John Cranko
In 1946 vervolgde hij zijn studie aan de Sadler's Wells School in Londen en kort daarna begon hij zijn danscarrière bij het Sadler's Wells Ballet (tegenwoordig The Royal Ballet). Al vanaf 1949 wijdde hij zich uitsluitend aan choreografie; hij maakte enkele zeer succesvolle balletten voor Sadler's Wells Ballet alsmede voor het New York City Ballet, de Rambert Company, het Ballet de l’Opéra National de Paris en La Scala in Milaan.
In 1961 werd hij benoemd tot artistiek directeur van het Stuttgarter Ballett.
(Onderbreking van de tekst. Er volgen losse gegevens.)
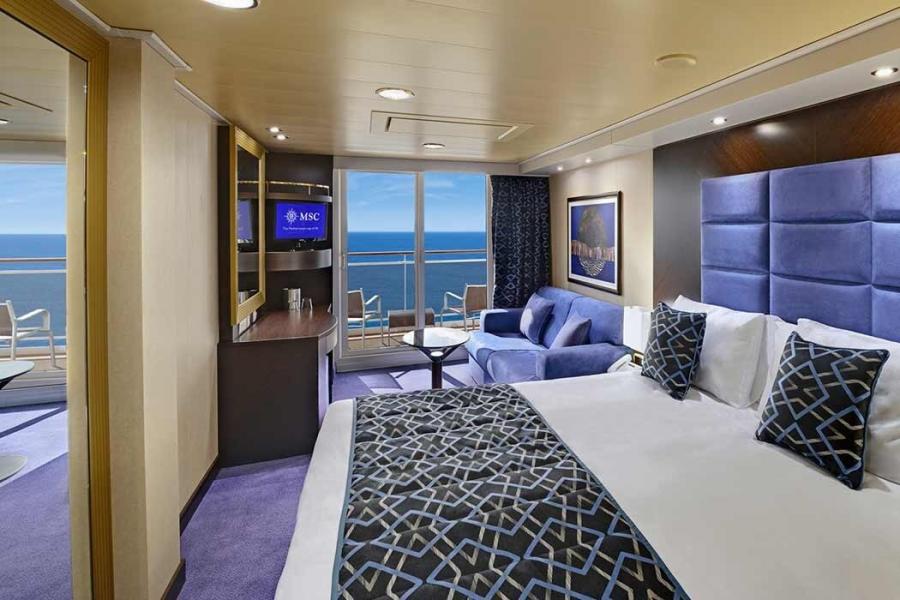 Msc Fantasia İle “Vizesiz” Brezilya & Arjantin & Uruguay & Iguazu Şelaleleri 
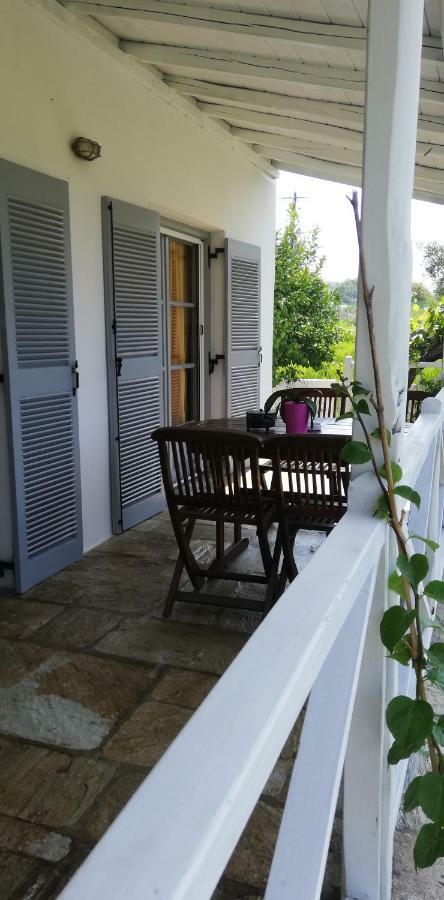Ckiathi - Ckiaθi - Ps Rental Agia Paraskevi  Exteriör bild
Hij transformeerde deze groep van een bescheiden, regionaal gezelschap tot een van de topgezelschappen ter wereld, onder andere door zijn talent om bijzondere dansers te ontdekken. Een van de belangrijkste was Marcia Haydée, die zijn muze zou worden.
De grote doorbraak voor Cranko in Stuttgart vormde de wereldpremière van Romeo en Julia (1962). Daarnaast creëerde hij veel kleine choreografische juweeltjes zoals Jeu de cartes en Opus I, maar het waren zijn dramatische verhalende balletten zoals Onegin, Het temmen van de feeks, Carmen en Poème de l 'Extase die Cranko verzekerden van een plaats in het pantheon van de grote choreografen. Hij moedigde jonge dansers in zijn gezelschap – met inbegrip van Jiří Kylián en John Neumeier – met succes aan om zich te bekwamen als choreograaf.
Met zijn gave om genuanceerde verhalen te vertellen met een heldere structuur veroverde hij de Metropolitan Opera in New York in 1969. In 1973 overleed John Cranko onverwacht. Hij liet een uniek repertoire na dat nog steeds wereldwijd wordt uitgevoerd.